Today the House of Glücksburg has been on the Danish throne for 150 years. The former Prince Christian of Schleswig-Holstein-Sonderburg-Glücksburg ascended the Danish throne as King Christian IX upon the sudden death of King Frederik VII, which, ironically, happened at Glücksburg Castle on 15 November 1863.
The death of King Frederik VII marked the extinction of the House of Oldenburg, which had ascended the Danish throne with King Christian I in 1448. Two centuries later, in 1660, the Danish crown become hereditary in that dynasty. From the accession of King Frederik I in 1523 to the death of King Frederik VI in 1839 the Oldenburgs boasted an unbroken line of eleven generations where son succeeded father, an unusual long line of direct dynastic descent which could only be rivalled by the Capets of France and the Stuarts of Scotland. Upon the death of Frederik VI in 1839 the crown passed to his half-cousin (at least officially), Christian VIII, whose son, Frederik VII, had no legitimate children.
Prince Christian of Glücksburg belonged to a junior line of the Oldenburgs, descending from one of the 23 children of Duke Hans the Younger, a younger son of King Christian III, but had only a very remote rights of succession to the throne. However, by the semi-Salic law of that time, his wife, née Princess Louise of Hesse-Cassel, was in line to the throne after her mother, a sister of Christian VIII, and elder brother, who both renounced their rights in favour of Louise, who transferred them to her husband, who was the Russian candidate to the Danish throne and won the approval of the other great powers at a conference in London in 1852.
There will be no special celebrations of the 150th anniversary of the royal house, but today has been chosen as the date for the unveiling of a new group portrait of Queen Margrethe II and Prince Consort Henrik with their sons, daughters-in-law and grandchildren by Thomas Kluge, who has earlier done portraits of Queen Margrethe, Prince Consort Henrik and Crown Prince Frederik.

2 comments:

  1. I think Christian IX had a remote right to succeed to the hereditary throne of Frederik III
    - not because of the patriline from Christian III, but
    - because his mother was Louise Caroline, daughter of Frederik V. In my view, if those dozens of personages ahead of Louise Caroline's branch had died and also Christian's own elder brothers had died without progeny, then Christian IX would have succeeded in his own right derived from Frederik V. (This carnage however would have meant that Christian's own children had also died.... so he could then have had problems about to whom the throne pass after him.)

    M

    ReplyDelete
    Replies
    1. That is indeed true - a very theoretical right of succession, but still a right.
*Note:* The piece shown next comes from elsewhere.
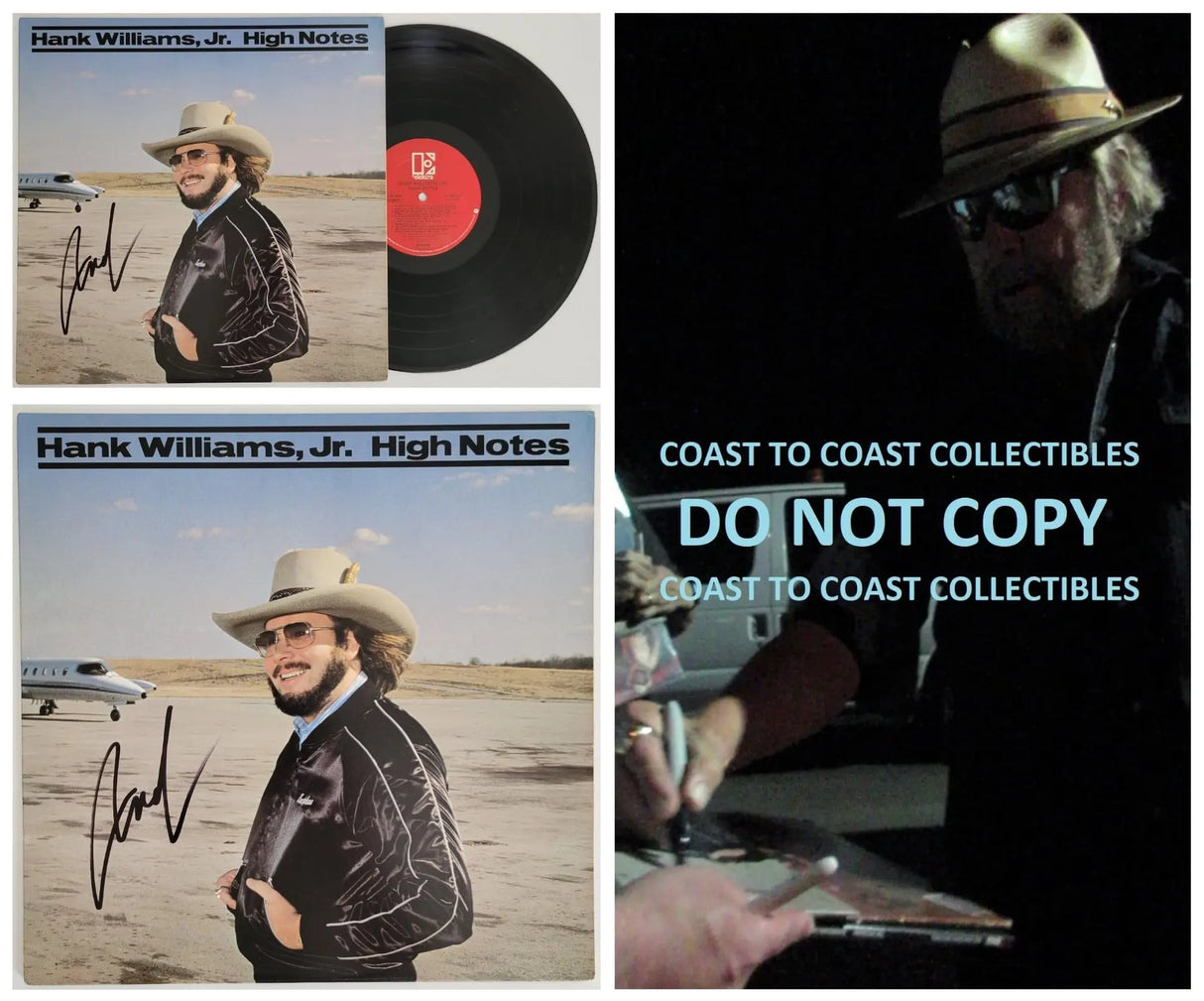 Hank Willams Jr signed High Notes album vinyl record proof COA autographed Star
If so, Christian IX's heir would have been his next brother, Prince Julius, but as he died childless in 1903, Christian IX would have been succeeded by the next brother, Prince Hans, who lived until 1911.

      The same is indeed the case today with Prince Philip of Britain, who is something like 600th in line to the British throne, making his highly unlikely succession to the throne dependent of the deaths of all those hundreds ahead of him, including his own descendants. In that case I think Prince Philip's heir would have been Margrave Maximilian of Baden, the eldest son of his second sister (the descendants of his eldest sister are also descended from the second son of Queen Victoria and thus higher up in the order of succession than Prince Philip, who is descended from her second daughter).